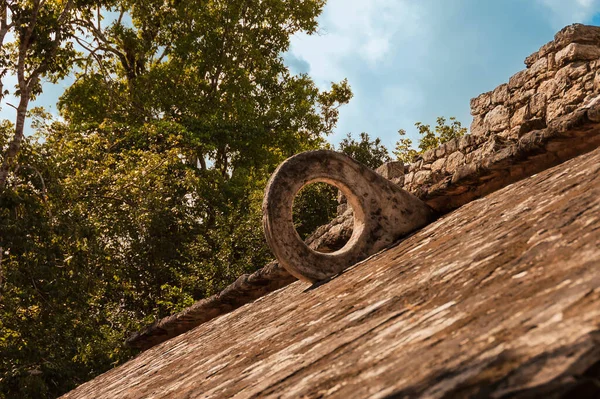 Δαχτυλίδι Του Γηπέδου Των Μάγια Στο Coba Quintana Roo Μεξικό — Φωτογραφία Αρχείου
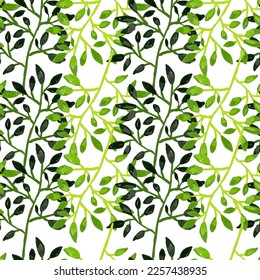 Hand drawn branches with leaves seamless pattern. Botanical sketch background. Decorative forest twig endless wallpaper. Design for fabric, textile print, wrapping, cover. Vector illustration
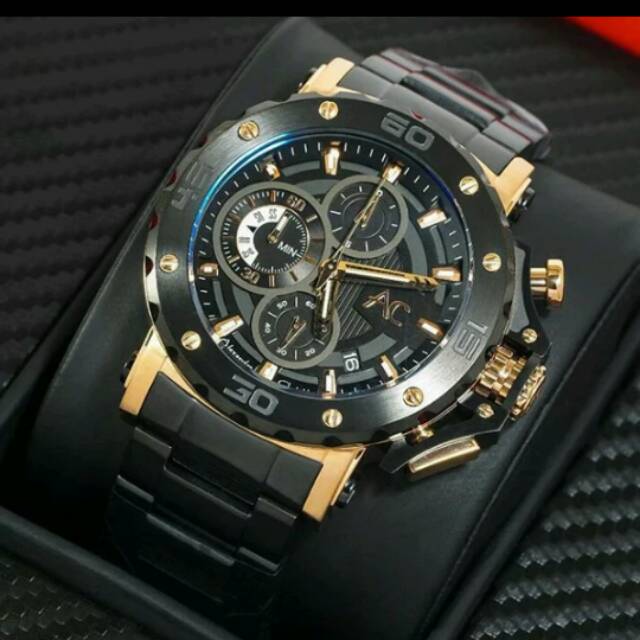 Jam tangan Alexandre Christie AC 9205 rantai black rose gold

Assigned task> Each line from the one containing "Hand drawn branches" to the final line of the data must be printed exactly, both included, with nothing else and no pictures.

Result>
 Hand drawn branches with leaves seamless pattern. Botanical sketch background. Decorative forest twig endless wallpaper. Design for fabric, textile print, wrapping, cover. Vector illustration
 Jam tangan Alexandre Christie AC 9205 rantai black rose gold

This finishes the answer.